___ DATA SHOWN ___

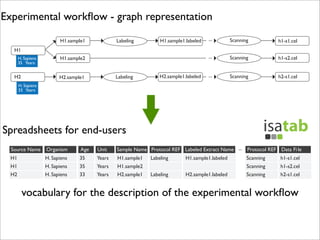 Experimental workﬂow - graph representation
Labeling

H1.sample1.labeled

...

Scanning

h1-s1.cel

...

H1.sample1

Scanning

h1-s2.cel

...

Scanning

h2-s1.cel

H1
H. Sapiens
35 Years

H2

H1.sample2
Labeling

H2.sample1

H2.sample1.labeled

H. Sapiens
33 Years

Spreadsheets for end-users
...
H1

H. Sapiens

35

Years

H1.sample1

H1

H. Sapiens

35

Years

H1.sample2

H2

H. Sapiens

33

Years

H2.sample1

Labeling

H1.sample1.labeled
H2.sample1.labeled

h1-s1.cel

Scanning
Labeling

Scanning

h1-s2.cel

Scanning

h2-s1.cel

vocabulary for the description of the experimental workﬂow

___

INSTRUCTIONS FOR THE TASK
Write the data out again exactly, but without its images.

ANSWER BELOW
 Experimental workﬂow - graph representation
Labeling

H1.sample1.labeled

...

Scanning

h1-s1.cel

...

H1.sample1

Scanning

h1-s2.cel

...

Scanning

h2-s1.cel

H1
H. Sapiens
35 Years

H2

H1.sample2
Labeling

H2.sample1

H2.sample1.labeled

H. Sapiens
33 Years

Spreadsheets for end-users
...
H1

H. Sapiens

35

Years

H1.sample1

H1

H. Sapiens

35

Years

H1.sample2

H2

H. Sapiens

33

Years

H2.sample1

Labeling

H1.sample1.labeled
H2.sample1.labeled

h1-s1.cel

Scanning
Labeling

Scanning

h1-s2.cel

Scanning

h2-s1.cel

vocabulary for the description of the experimental workﬂow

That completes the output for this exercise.